MURIANETWORK.COM - Pemerintah Indonesia berencana mengekspor bahan pangan utama, termasuk beras, ikan, dan bumbu, ke Arab Saudi untuk mendukung kebutuhan jamaah haji pada musim 2026. Inisiatif yang digagas Menteri Haji dan Umrah, Mochamad Irfan Yusuf, ini bertujuan memastikan pasokan makanan bagi ratusan ribu jamaah sekaligus memberikan manfaat ekonomi bagi masyarakat domestik. Rencana tersebut sedang dikembangkan dengan melibatkan sejumlah lembaga terkait di dalam negeri.
Strategi Pasokan Pangan dari Dalam Negeri
Langkah mengekspor bahan makanan untuk ibadah haji ini bukan hal baru sepenuhnya. Menurut Gus Irfan, sapaan akrab menteri, ekspor bumbu telah dilakukan pada dua musim haji sebelumnya dengan volume yang terus meningkat. Upaya ini kini diperluas ke komoditas yang lebih strategis.

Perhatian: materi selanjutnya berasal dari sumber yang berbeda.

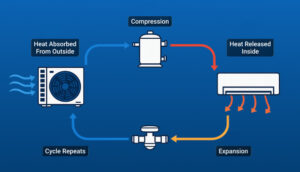 Air Conditioner Heat Pump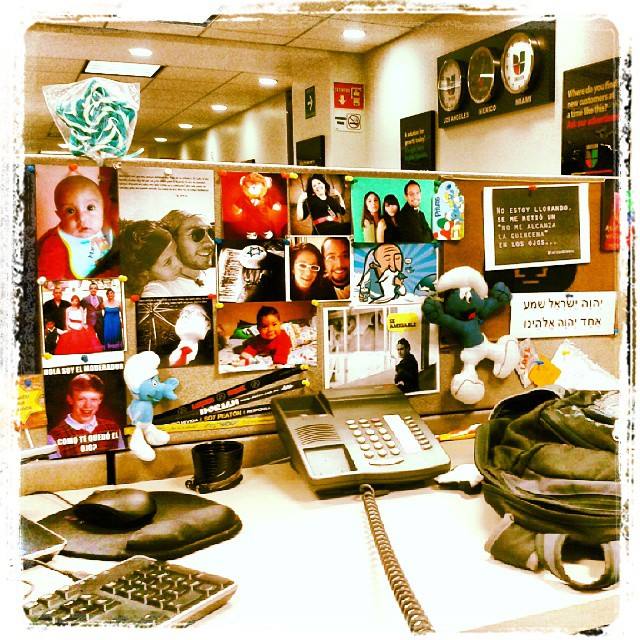 Así lucía mi isla...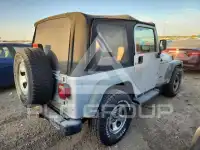 2002 Jeep WRANGLER фото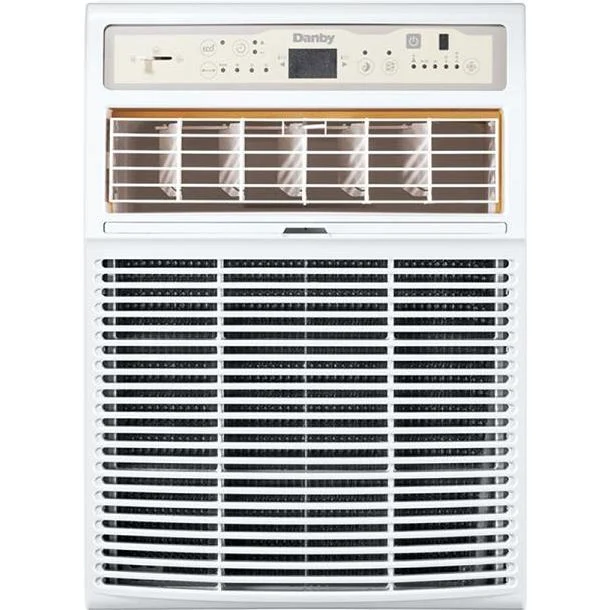 Danby Climatiseurs et thermopompes Vertical sur fenêtre DVAC080B2WDB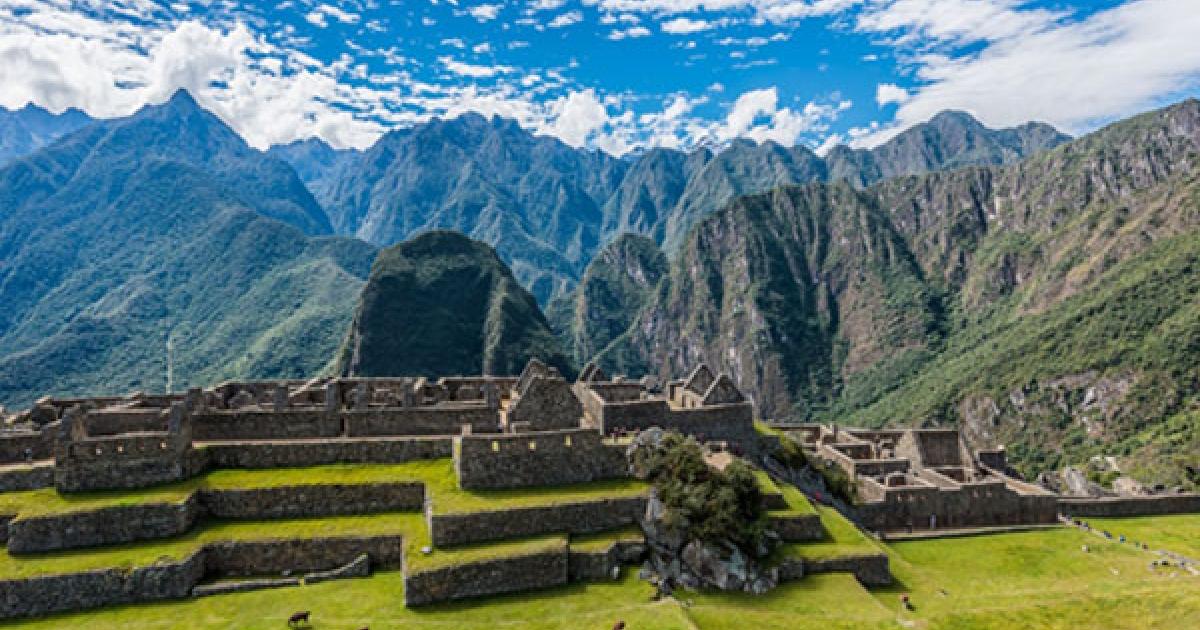 Machu Picchu - Astronomical knowledge of Incas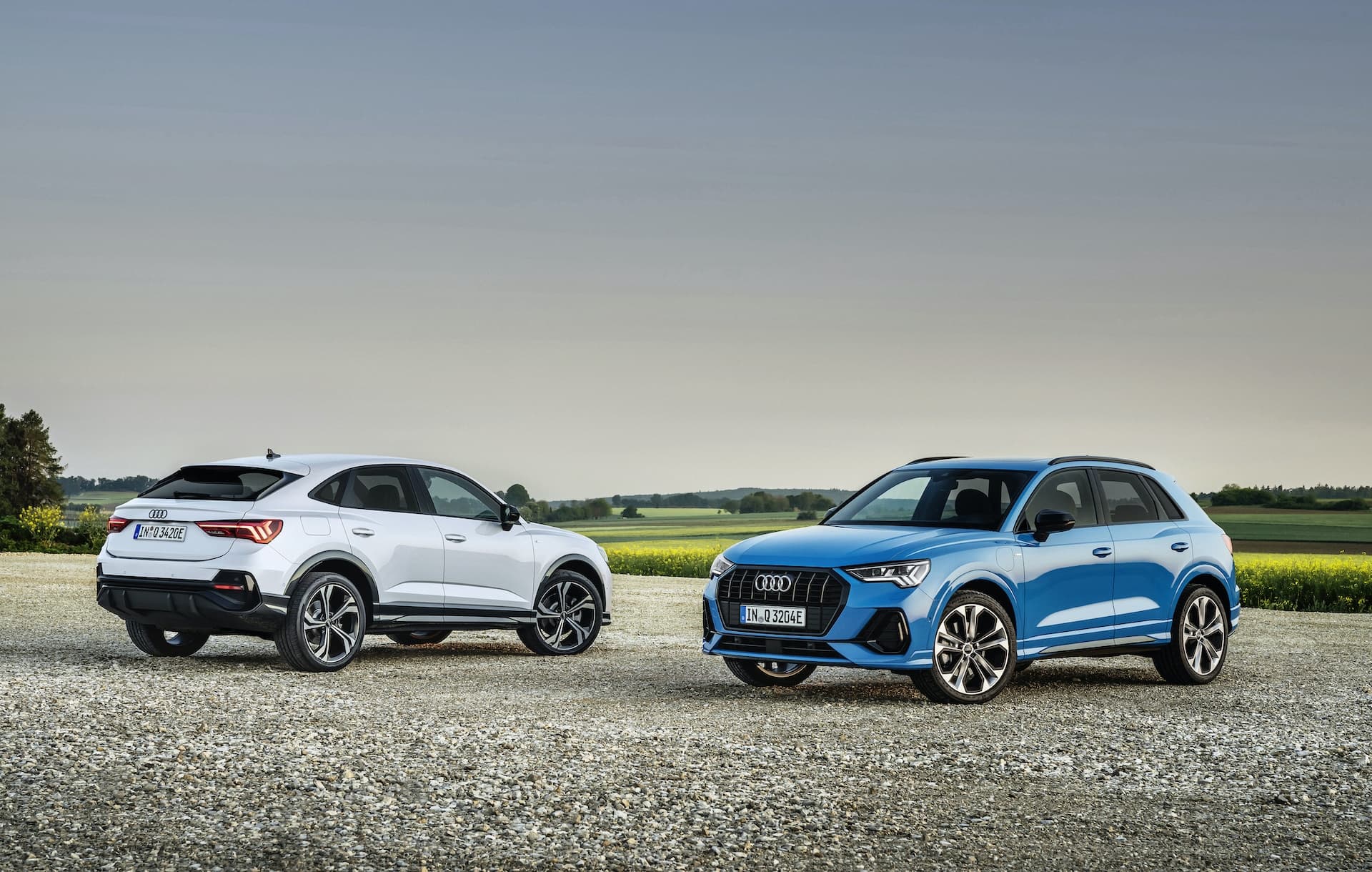 Cover Image for Audi bietet Q3 als Plug-in-Hybrid an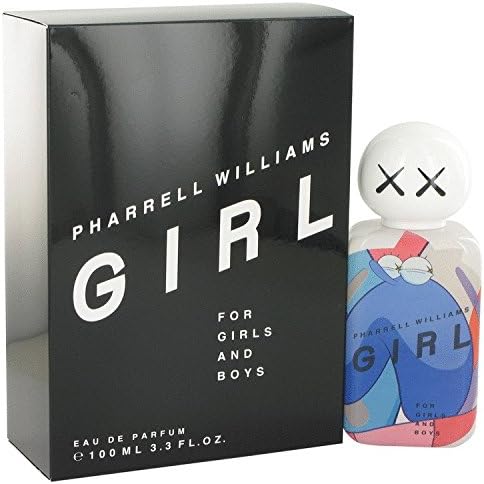 Pharrell Williams - Pharrell Williams Girl (100 ml Eau De Parfum Spray (Unisex))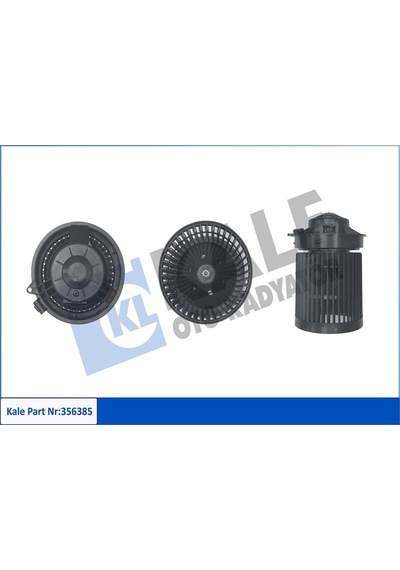 Kale 356385 Kalorifer Motoru Blower - Nissan Juke 2010- 1.6 272261ka0a - 272261ka0c - 272261ka3a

"Kita upayakan semua makanan yang dimakan jamaah haji bisa kita ekspor dari Indonesia. Tahun ini dan tahun kemarin bumbu sudah. Kemarin 400 ton, hari ini 600 ton bumbu," jelasnya saat ditemui di Kompleks Parlemen, Senayan, Jakarta Pusat, Selasa (10/2/2026).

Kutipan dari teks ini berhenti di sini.